Avishi is spirited out of her homeland as a child by a friend of her father to save her life. The father, working in the king’s army, has been brutally killed along with the king, by another ambitious soldier, who eventually takes over as the ruler. The young child grows up to be a fearless warrior in a far away establishment run by saints. She does not remember the traumatic childhood events, but has nightmares.

She is asked by the vice chancellor of the establishment to travel to another republic to fulfil her destiny. She is a fearless warrior, and is soon required to be the head of her adopted republic. There is a standoff with the brutal king of the neighbouring state, during which she is injured in the leg. She has to be amputated.

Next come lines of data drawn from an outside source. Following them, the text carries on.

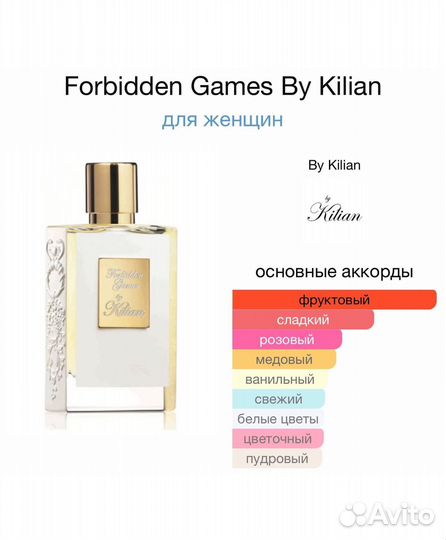 Kilian forbidden games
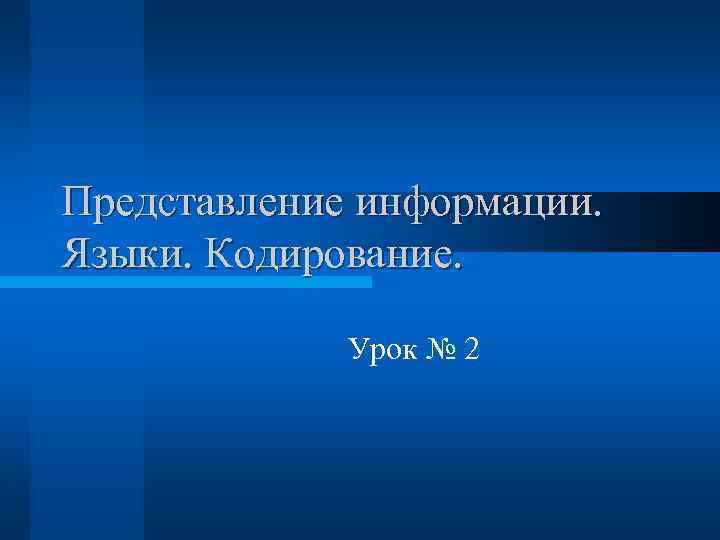 Представление информации. Языки. Кодирование. Урок № 2 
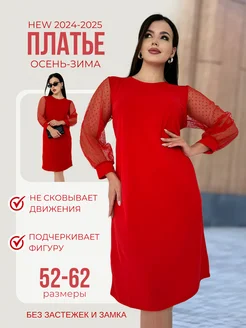 Праздничные платья большие размеры adenashop 254556916 купить за 1 554 ₽ в интернет-магазине Wildberries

She is devastated. She has lost a limb, she can no longer be a warrior, she can not avenge the murder of her father. But her mate – this is a period when marriage has not yet been institutionalised – has other ideas. He develops a prosthetic leg for her, with the help of the celestial Ashwini Kumars. She is whole again, to fight the atrocities unleashed by the king.

It is a gripping story of a strong female character from our pre-historic times.


Book Reviews by a Pioneer: The Unexpected Mrs. Pollifax by Dorothy Gilman

The book was recommended by a member in one of my book clubs. I picked up the book with hesitation as I had never heard of the author. As I read, I realised that the book was written way back in 1965.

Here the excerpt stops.